Task brief
Take the entries below and write them out exactly, with each picture removed.

***

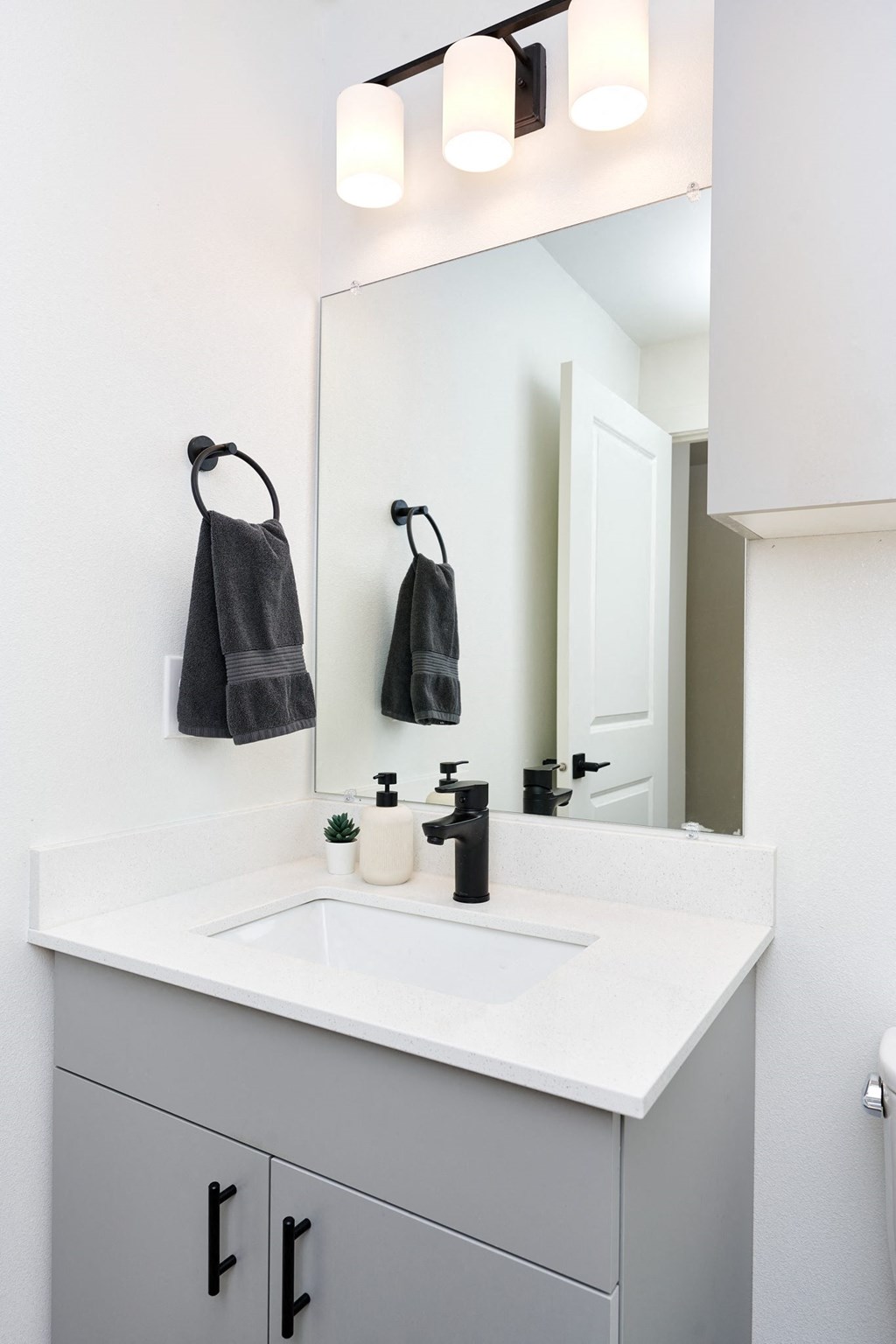 a white bathroom with a sink and a mirror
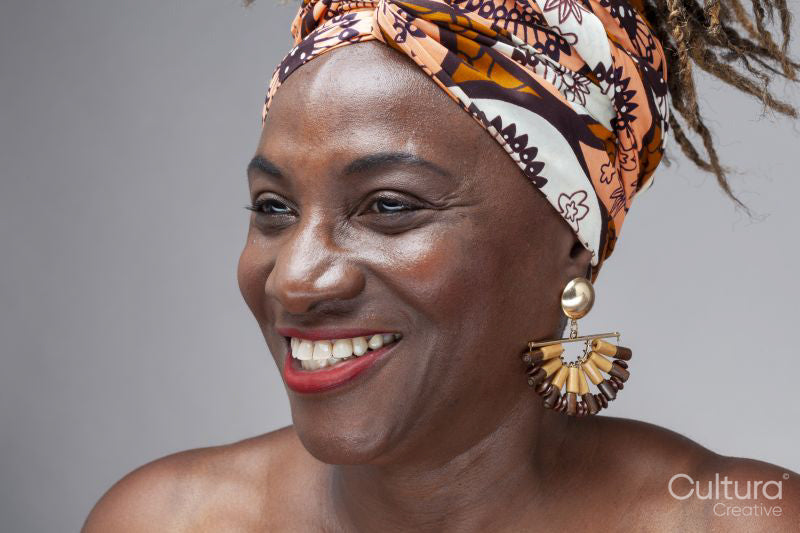 Studio shot of smiling mature woman in headscarf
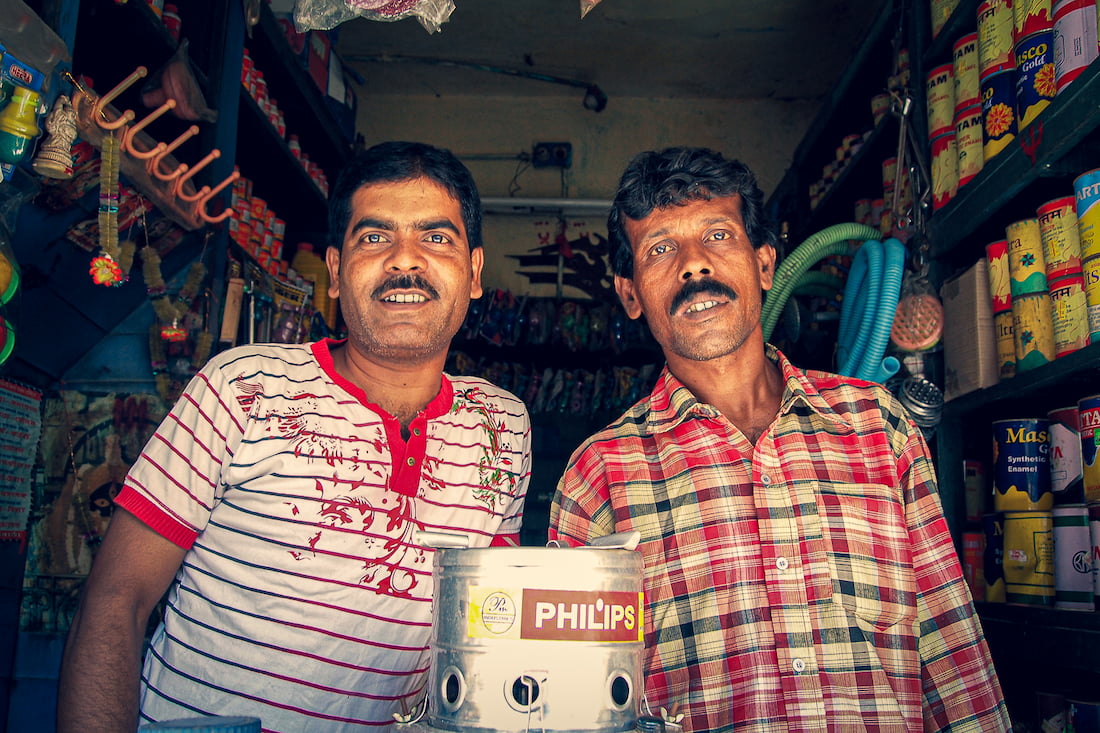 Two men in small shop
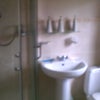 Photo 4: Shower and toilet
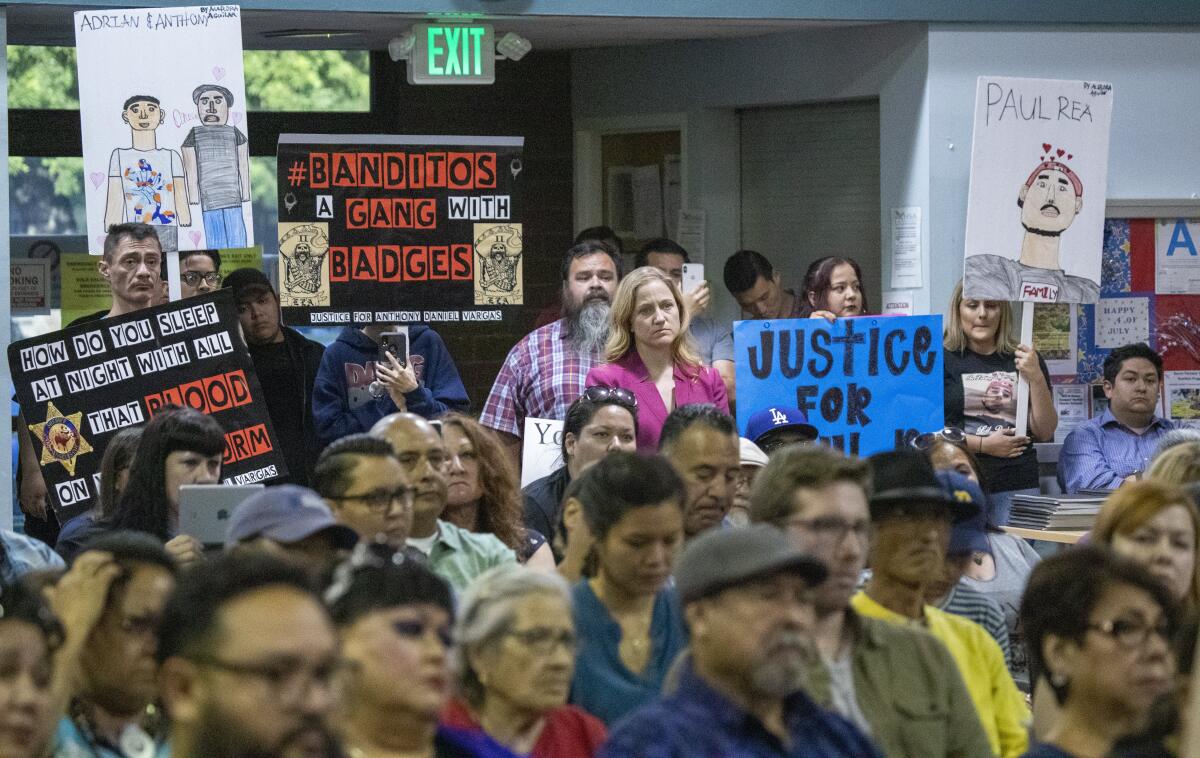 Residents attend a meeting of the L.A. County Civilian Oversight Commission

***

Expected answer
 a white bathroom with a sink and a mirror
 Studio shot of smiling mature woman in headscarf
 Two men in small shop
 Photo 4: Shower and toilet
 Residents attend a meeting of the L.A. County Civilian Oversight Commission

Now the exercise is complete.